Here the law and facts are clear and permit
no possibility whatsoever of dispute or
debate.
The
law is clear. Article 8(2)(viii) of the Rome
Statute makes such conduct a war crime. So
do articles 49(6) of the Fourth Geneva
Convention and 85(4)(a) of the 1977 Protocol
to the Geneva Conventions. So does customary
international law. (1)
The facts are
clear. Some 700,000 Jewish Israeli settlers
live in some 130 settlements in the West
Bank and East Jerusalem. These settlements
are clearly within occupied Palestinian
territory – as held by the International
Court of Justice in 2004
(2)
Israel
continues to expand its settlement empire.
These facts have been repeatedly drawn to
the attention of the OTP by the Government
of Palestine and NGOs.
The evidence
clearly provides a reasonable basis to
believe that a crime within the jurisdiction
of the Court has been committed as required
by the Statute of the ICC.
(3)
Failure to act in these circumstances, when
the evidence of Israel’s criminality
relating to the expansion of settlements
grows, not only removes any pretence of
deterrence, but in addition contributes to
the commission of the crime. Culpable
failure to take steps to suppress a crime
when under a duty to do so makes the
Prosecutor complicit in the commission of
the crime.
There is
overwhelming authoritative support for the
conclusion that Israel’s settlements are
illegal under international law. The
International Court of Justice unanimously
held the settlements have been established
in breach of international law
(4)
The
Security Council has on many occasions
condemned settlements as illegal, most
recently in 2016 in resolution 2334. The
General Assembly has annually condemned
settlements as illegal. The EU and almost
all states have condemned settlements as
illegal. The International Committee of the
Red Cross agrees. Even Israel’s own legal
adviser: Theodor Meron advised that they
were illegal when Israel embarked upon this
colonial enterprise. (Of course President
Trump has a different opinion, but this is
only evidence in favour of a contrary
position.)
This all leads me to conclude that
non-legal, political factors guide the
decision-making of the OTP. But how have
these factors determined the decision-making
of the OPT? As I see it, there are two
possibilities: a deliberate collective
decision by the Prosecutor, her deputy and
senior officers not to prosecute; or
inarticulated factors that have led the
Prosecutor and her staff to a bias in favour
of Israel.
The
first explanation envisages a deliberate,
collective decision on the part of the
Prosecutor and her senior staff not to open
an investigation. The most likely reason for
such a decision would be fear of retaliation
from Israel and the United States. Or it
might be sensitivity to the widespread view,
prevalent among European states, that the
ICC is too fragile an institution to
withstand the backlash that might follow
such an investigation. While such a
collective decision is possible I do not
think it is the likely explanation.
The
second explanation, that inarticulated
factors have determined the decision
requires some explanation.
The
American legal realists, a respectable
school of jurisprudence, argues that the
judicial decision is the outcome of the
entire life-history of the judge; that rules
of law and concealed stimuli such as the
judge’s political and moral prejudices
interact to produce the judicial decision.

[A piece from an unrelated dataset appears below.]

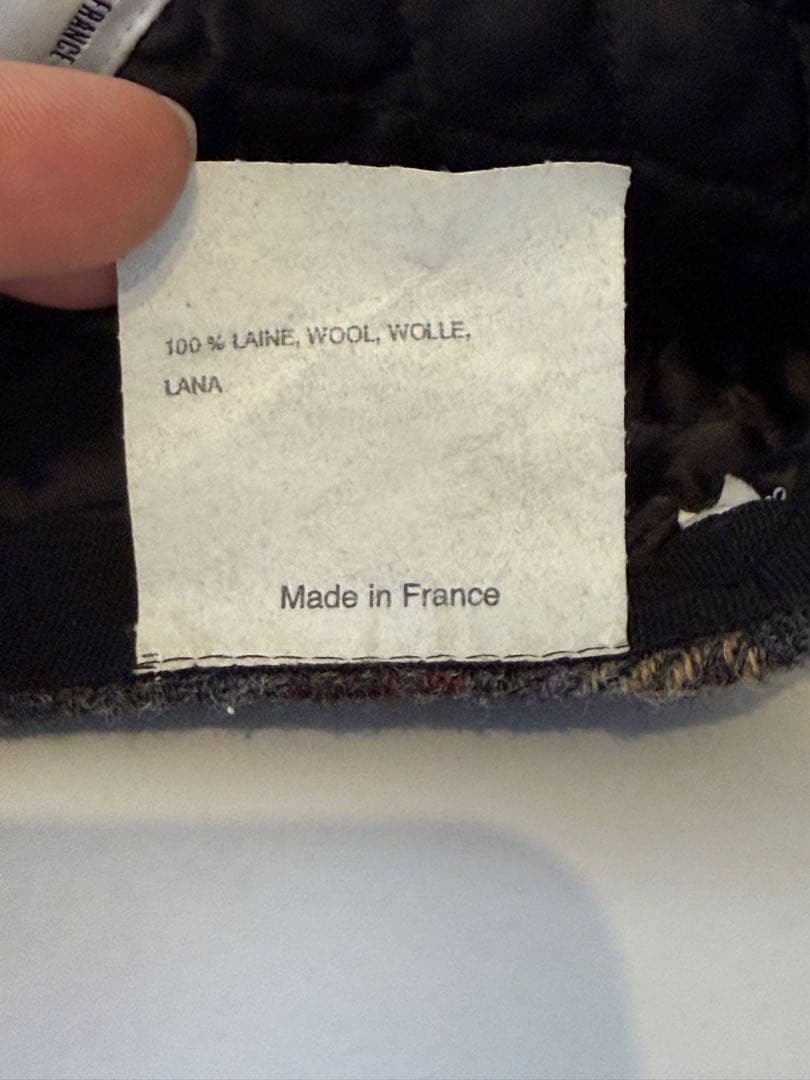 フランス製 ウール チェック キャスケット ハンチング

US Supreme Court Justice Benjamin Cardozo
warned that ‘Deep below the
consciousness are … forces, the likes and
dislikes, the predilections and prejudices,
the complex of instincts and emotions and
habits and convictions’ of a judge
which contribute to the judicial decision.
Such inarticulated factors contribute even
more to the decision-making of prosecutors.
Inarticulate factors are more significant in
the context of prosecutorial discretion – a
broad grant of discretionary authority with
little oversight and limited transparency.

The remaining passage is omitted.